Exercise brief
With images removed, return the whole listing exactly as written.

Excerpted records
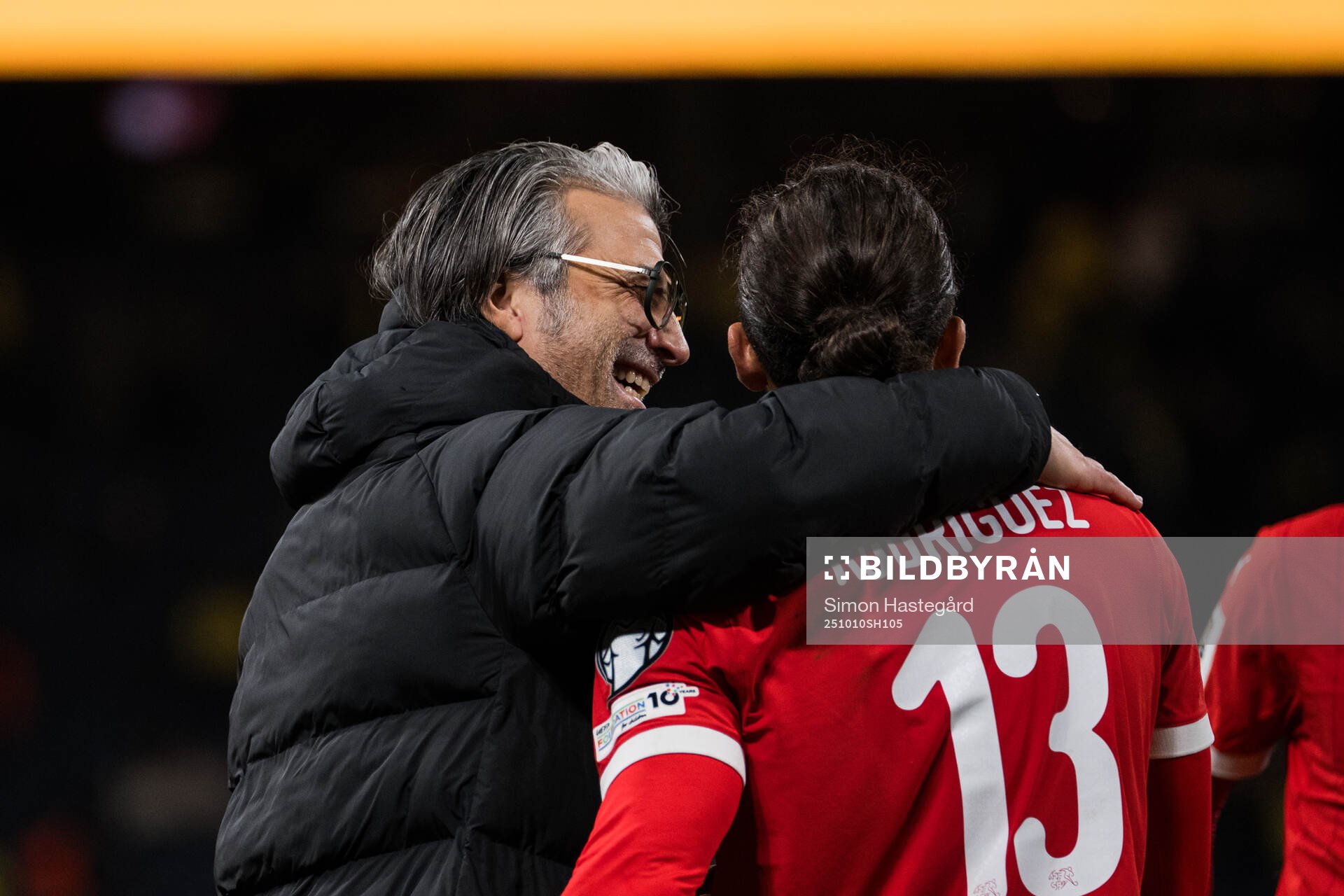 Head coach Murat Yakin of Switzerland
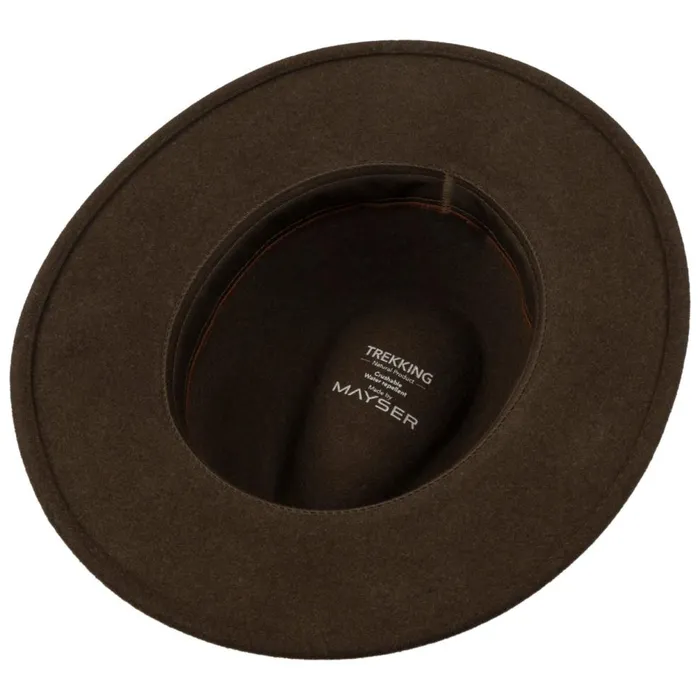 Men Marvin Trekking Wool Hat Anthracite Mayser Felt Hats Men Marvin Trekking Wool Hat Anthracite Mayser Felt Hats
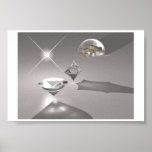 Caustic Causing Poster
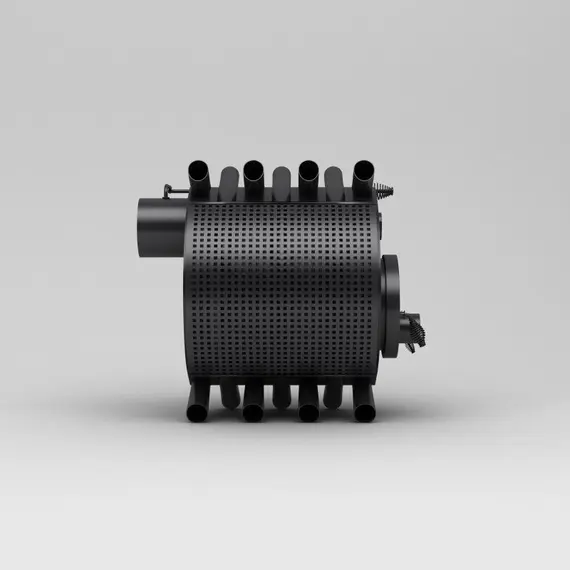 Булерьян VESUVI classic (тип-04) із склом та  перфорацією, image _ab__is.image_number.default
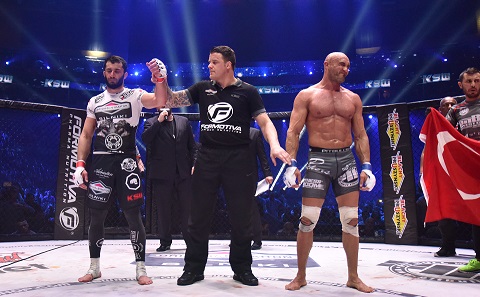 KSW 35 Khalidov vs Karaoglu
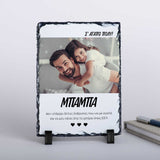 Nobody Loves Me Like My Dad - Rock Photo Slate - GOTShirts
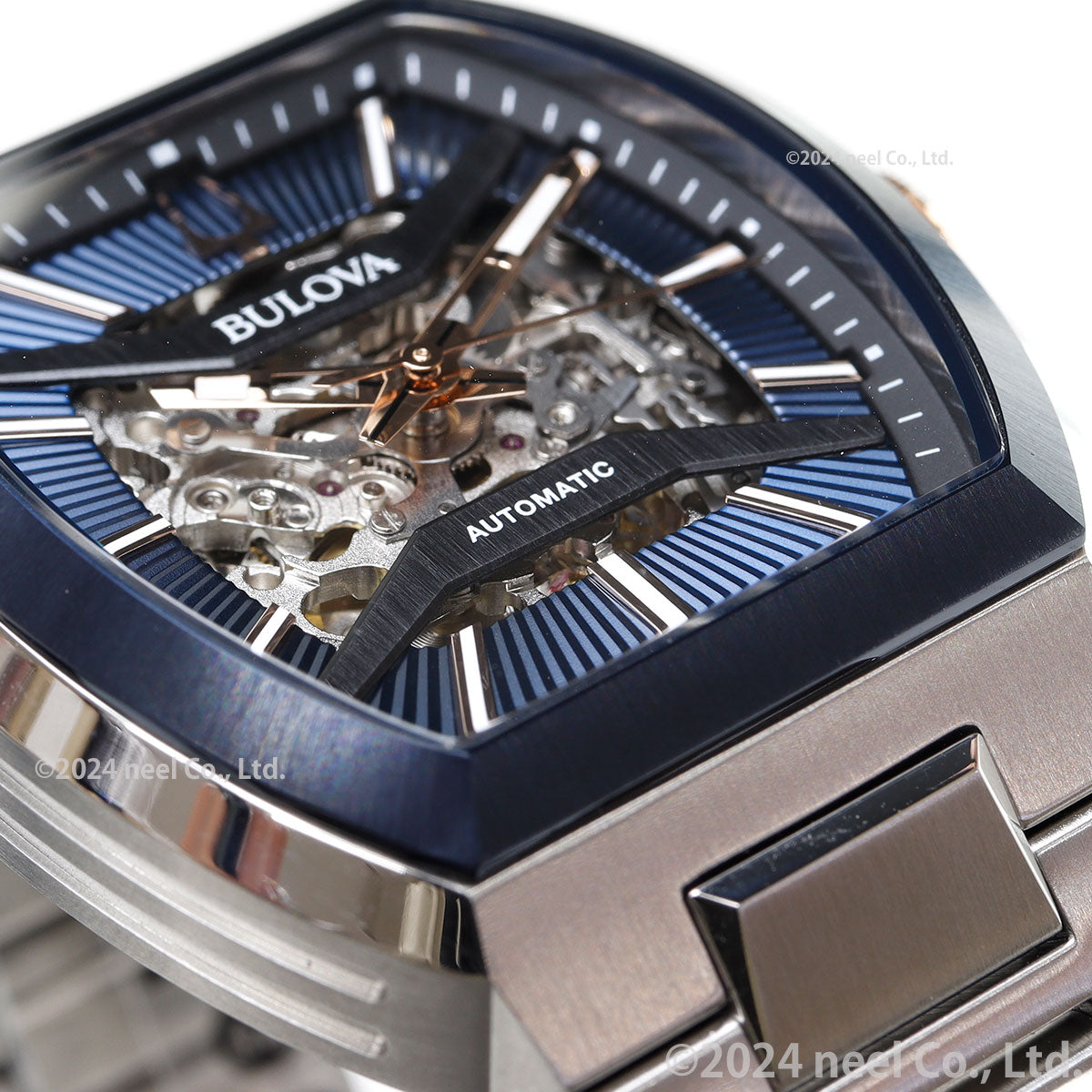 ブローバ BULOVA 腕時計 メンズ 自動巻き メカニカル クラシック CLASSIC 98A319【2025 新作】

Response box
 Head coach Murat Yakin of Switzerland
 Men Marvin Trekking Wool Hat Anthracite Mayser Felt Hats Men Marvin Trekking Wool Hat Anthracite Mayser Felt Hats
 Caustic Causing Poster
 Булерьян VESUVI classic (тип-04) із склом та  перфорацією, image _ab__is.image_number.default
 KSW 35 Khalidov vs Karaoglu
 Nobody Loves Me Like My Dad - Rock Photo Slate - GOTShirts
 ブローバ BULOVA 腕時計 メンズ 自動巻き メカニカル クラシック CLASSIC 98A319【2025 新作】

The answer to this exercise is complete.